Thanks a lot again Shaw. I do appreciate it very much.
My test is just a simple one column table. Now I'm having a TD table has a Date field. Off hand do you know how to get a DateTime field from a .NET DataTable inserted into the TD table's Date field?
Another quick question, will .NET Data Provider 13.0 work for Visual Studio 2005 and TD V2R5 or V2R6? Any advantage of using this newer version over the 1.2.0.0?
Take care.
John
When I work with a real TD table with different data types other than string/char, i.e. DateTime and int, I had to convert them specifically. Please see my code below - the for loop statement maybe a performance issue but I could not figure out a work around.
public void UpdateRecordTable(TdConnection conn, DataSet ds)
{
using (conn)
{
TdDataAdapter adapter = new TdDataAdapter();
adapter.InsertCommand = new TdCommand(
"INSERT INTO WORK_TBLS.PROCESSED_JOBS VALUES (?,?,?,?,?,CURRENT_TIMESTAMP);",
connection);
adapter.InsertCommand.Parameters.Add("MLOAD_NAME", TdType.Char, 30, "MLOAD_NAME");
adapter.InsertCommand.Parameters.Add("JOB_DATE", TdType.Char, 10, "JOB_DATE");
adapter.InsertCommand.Parameters.Add("JOB_TIME", TdType.Integer, 0, "JOB_TIME");
adapter.InsertCommand.Parameters.Add("DATABASE_NAME", TdType.Char, 36, "DATABASE_NAME");
adapter.InsertCommand.Parameters.Add("TABLE_NAME", TdType.Char, 36, "TABLE_NAME");
adapter.InsertCommand.UpdatedRowSource = UpdateRowSource.None;
adapter.UpdateBatchSize = 0;
DataTable dt = new DataTable();
dt.Columns.Add("MLOAD_NAME", typeof(string));
dt.Columns.Add("JOB_DATE", typeof(string));
dt.Columns.Add("JOB_TIME", typeof(int));
dt.Columns.Add("DATABASE_NAME", typeof(string));
dt.Columns.Add("TABLE_NAME", typeof(string));
for (int i = 0; i < ds.Tables[0].Rows.Count; i++)
{
string mname = ds.Tables[0].Rows[0].ToString();
string date = DateTime.Parse(ds.Tables[0].Rows[1].ToString()).ToString("s").Substring(0, 10);
int time = int.Parse(ds.Tables[0].Rows[2].ToString());
string dname = ds.Tables[0].Rows[3].ToString();
string tname = ds.Tables[0].Rows[4].ToString();
dt.Rows.Add(mname, date, time, dname, tname);
}
conn.Open();
int cnt = adapter.Update(dt);
}
}
The for loop populates a rows in a new DataTable object, which is extremely similar to the ds.Tables[0], except having fewer columns, like below:
The first 5 columns will be mapped into the new DataTable and populated by the for loop. Is there a way that I can directly use the ds.Tables[0] to insert data into the TD table rather then having to create a new DataTable and populate/transform data into this new DataTable first then use it to insert data into the Teradata?

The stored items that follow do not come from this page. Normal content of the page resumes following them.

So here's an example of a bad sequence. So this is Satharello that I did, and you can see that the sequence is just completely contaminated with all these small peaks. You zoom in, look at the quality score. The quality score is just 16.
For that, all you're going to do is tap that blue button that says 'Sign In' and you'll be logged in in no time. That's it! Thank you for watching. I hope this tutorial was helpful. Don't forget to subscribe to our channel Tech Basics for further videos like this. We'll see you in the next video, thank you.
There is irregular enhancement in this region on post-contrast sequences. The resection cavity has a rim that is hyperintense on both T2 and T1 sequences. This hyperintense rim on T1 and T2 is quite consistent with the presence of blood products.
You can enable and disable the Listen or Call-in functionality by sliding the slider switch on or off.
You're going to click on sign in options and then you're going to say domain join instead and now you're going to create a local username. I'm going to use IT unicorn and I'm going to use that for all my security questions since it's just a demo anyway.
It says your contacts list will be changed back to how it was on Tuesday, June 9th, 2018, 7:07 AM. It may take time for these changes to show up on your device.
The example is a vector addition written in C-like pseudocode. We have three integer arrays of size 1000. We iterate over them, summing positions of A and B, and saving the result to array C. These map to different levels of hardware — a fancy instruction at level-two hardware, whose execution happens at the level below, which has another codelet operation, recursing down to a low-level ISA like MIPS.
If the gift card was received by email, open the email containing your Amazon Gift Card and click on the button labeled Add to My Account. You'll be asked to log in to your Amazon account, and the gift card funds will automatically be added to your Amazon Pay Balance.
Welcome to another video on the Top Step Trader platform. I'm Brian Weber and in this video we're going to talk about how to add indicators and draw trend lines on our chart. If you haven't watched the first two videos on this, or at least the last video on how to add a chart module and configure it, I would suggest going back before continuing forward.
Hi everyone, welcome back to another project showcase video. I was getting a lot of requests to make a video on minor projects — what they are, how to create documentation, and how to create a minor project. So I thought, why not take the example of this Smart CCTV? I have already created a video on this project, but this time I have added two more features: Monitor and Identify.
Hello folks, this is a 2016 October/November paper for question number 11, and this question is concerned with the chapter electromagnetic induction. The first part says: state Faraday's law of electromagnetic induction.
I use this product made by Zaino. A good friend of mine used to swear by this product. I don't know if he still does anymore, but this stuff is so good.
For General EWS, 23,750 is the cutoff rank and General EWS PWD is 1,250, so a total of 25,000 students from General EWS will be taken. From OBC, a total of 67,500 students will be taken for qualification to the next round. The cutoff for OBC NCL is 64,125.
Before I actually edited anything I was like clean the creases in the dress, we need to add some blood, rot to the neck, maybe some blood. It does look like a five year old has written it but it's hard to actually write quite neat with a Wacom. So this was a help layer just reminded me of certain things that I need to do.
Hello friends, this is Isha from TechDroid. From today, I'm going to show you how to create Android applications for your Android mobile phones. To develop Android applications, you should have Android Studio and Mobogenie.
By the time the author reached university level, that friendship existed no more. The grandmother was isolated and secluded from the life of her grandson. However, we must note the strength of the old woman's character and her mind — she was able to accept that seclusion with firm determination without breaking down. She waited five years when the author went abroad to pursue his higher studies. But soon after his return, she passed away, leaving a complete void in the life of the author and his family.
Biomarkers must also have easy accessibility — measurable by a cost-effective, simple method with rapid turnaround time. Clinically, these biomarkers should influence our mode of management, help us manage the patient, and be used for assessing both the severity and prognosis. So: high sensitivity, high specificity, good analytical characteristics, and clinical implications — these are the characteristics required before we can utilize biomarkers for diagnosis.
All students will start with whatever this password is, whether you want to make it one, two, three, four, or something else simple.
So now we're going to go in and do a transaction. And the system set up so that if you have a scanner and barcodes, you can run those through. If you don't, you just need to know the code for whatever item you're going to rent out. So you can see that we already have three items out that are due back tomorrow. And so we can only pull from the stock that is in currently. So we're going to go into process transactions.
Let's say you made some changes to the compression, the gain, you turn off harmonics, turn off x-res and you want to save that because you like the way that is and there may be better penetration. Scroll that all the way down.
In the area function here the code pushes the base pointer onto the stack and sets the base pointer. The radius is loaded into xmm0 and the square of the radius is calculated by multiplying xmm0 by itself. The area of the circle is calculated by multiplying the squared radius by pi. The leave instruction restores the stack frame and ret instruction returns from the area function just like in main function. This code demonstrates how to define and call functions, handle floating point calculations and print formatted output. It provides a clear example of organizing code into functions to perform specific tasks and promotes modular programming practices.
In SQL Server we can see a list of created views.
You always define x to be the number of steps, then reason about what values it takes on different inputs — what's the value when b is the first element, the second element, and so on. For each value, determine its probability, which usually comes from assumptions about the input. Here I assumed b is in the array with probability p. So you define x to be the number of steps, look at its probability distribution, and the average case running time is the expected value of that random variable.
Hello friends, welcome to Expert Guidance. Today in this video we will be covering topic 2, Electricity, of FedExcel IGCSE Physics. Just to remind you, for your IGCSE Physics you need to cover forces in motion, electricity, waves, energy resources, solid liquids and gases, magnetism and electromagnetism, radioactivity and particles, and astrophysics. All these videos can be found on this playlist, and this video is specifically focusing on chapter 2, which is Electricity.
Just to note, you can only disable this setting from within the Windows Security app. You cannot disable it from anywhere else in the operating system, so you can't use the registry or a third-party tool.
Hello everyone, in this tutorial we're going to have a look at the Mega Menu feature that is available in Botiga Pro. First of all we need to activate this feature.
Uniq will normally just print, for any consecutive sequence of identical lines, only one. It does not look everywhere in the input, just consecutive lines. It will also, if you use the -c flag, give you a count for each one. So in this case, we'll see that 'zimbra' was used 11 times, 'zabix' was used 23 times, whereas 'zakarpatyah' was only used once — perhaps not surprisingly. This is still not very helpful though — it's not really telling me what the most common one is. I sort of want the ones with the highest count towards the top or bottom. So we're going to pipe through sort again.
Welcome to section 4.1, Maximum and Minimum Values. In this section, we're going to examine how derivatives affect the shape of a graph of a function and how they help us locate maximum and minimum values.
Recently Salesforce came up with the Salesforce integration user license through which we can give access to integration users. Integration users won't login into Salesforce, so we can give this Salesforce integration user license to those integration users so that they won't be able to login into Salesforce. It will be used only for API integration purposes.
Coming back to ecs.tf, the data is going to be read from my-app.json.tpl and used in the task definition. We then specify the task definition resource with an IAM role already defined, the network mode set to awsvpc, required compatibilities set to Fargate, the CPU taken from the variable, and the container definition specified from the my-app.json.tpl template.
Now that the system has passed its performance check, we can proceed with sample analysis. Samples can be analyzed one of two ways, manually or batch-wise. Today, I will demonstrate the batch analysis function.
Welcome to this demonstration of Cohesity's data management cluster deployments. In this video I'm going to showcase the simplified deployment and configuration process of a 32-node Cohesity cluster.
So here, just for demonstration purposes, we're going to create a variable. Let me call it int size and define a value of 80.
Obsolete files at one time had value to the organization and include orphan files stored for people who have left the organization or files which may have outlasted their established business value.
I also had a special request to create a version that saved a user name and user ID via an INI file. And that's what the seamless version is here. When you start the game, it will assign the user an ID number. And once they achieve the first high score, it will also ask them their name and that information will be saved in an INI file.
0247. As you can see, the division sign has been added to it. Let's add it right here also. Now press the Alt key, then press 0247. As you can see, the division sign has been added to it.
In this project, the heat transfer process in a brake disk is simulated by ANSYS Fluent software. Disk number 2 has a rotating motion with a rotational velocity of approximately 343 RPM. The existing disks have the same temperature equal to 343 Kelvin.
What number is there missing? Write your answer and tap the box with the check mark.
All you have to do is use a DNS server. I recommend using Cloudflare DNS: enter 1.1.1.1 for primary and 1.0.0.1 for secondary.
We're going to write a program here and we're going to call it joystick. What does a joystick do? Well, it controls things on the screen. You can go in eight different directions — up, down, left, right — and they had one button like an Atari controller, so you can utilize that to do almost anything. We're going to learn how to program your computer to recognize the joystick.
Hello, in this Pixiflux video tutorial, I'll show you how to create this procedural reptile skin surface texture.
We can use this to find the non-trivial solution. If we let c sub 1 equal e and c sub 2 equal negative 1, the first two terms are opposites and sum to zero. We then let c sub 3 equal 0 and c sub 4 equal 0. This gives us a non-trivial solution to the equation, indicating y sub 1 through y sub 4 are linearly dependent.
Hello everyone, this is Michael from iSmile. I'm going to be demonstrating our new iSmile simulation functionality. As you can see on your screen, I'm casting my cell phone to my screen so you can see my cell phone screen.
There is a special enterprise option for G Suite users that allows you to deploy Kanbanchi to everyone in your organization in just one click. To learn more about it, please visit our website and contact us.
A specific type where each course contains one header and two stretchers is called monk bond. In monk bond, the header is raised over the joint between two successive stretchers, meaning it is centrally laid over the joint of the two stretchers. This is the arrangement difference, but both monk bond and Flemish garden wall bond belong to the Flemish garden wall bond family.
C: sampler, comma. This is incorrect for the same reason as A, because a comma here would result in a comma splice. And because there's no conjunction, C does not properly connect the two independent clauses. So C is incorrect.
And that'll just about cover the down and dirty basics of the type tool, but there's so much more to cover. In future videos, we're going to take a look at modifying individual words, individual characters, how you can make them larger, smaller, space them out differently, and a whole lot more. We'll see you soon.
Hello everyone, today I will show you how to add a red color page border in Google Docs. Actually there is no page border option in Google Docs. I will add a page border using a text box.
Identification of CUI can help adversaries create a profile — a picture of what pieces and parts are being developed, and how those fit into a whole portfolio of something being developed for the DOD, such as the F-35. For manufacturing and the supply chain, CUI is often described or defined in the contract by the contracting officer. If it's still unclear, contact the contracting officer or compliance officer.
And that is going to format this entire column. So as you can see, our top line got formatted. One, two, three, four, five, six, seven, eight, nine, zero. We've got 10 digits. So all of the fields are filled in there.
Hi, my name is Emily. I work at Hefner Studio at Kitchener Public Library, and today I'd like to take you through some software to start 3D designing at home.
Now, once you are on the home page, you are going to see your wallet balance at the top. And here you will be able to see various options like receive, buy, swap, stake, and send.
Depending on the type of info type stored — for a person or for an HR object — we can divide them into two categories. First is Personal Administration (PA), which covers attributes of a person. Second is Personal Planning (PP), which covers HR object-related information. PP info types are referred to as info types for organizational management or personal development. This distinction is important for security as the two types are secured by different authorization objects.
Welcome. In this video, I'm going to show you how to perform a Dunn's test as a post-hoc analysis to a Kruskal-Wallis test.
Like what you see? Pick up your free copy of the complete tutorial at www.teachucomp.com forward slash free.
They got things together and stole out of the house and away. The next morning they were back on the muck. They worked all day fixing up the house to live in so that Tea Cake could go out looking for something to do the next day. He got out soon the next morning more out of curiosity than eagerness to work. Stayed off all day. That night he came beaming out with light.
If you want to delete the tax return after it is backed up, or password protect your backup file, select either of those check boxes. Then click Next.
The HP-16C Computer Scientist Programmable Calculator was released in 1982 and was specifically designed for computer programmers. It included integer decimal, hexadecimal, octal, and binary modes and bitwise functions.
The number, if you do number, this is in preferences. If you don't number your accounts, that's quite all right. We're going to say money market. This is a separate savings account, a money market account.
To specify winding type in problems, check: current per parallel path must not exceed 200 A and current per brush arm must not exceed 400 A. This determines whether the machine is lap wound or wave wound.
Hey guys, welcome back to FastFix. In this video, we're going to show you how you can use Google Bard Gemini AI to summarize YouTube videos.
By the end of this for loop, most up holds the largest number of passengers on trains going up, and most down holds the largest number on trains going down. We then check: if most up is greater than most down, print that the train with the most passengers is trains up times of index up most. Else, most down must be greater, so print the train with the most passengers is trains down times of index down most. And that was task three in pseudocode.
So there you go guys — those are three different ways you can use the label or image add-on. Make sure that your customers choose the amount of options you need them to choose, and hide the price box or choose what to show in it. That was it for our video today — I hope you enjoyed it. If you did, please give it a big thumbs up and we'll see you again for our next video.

Any comments/suggestions/advices will be greatly appreciated!
Thanks very much.
John
Sorry, it doesn't allow me to paste XML layout...deleted all the brackets and pasted below:
xs:element name="MLOAD_NAME" type="xs:string" minOccurs="0"
xs:element name="JOB_DATE_TIME" type="xs:dateTime" minOccurs="0"
xs:element name="JOB_TIME" type="xs:int" minOccurs="0"
xs:element name="DATABASE_NAME" type="xs:string" minOccurs="0"
xs:element name="TABLE_NAME" type="xs:string" minOccurs="0"
xs:element name="ROWS_INSERTED" type="xs:decimal" minOccurs="0"
xs:element name="DUPLICATE_ROWS" type="xs:decimal" minOccurs="0"
xs:element name="ERROR_ROWS" type="xs:decimal" minOccurs="0"
xs:element name="ROWS_UPDATED" type="xs:decimal" minOccurs="0"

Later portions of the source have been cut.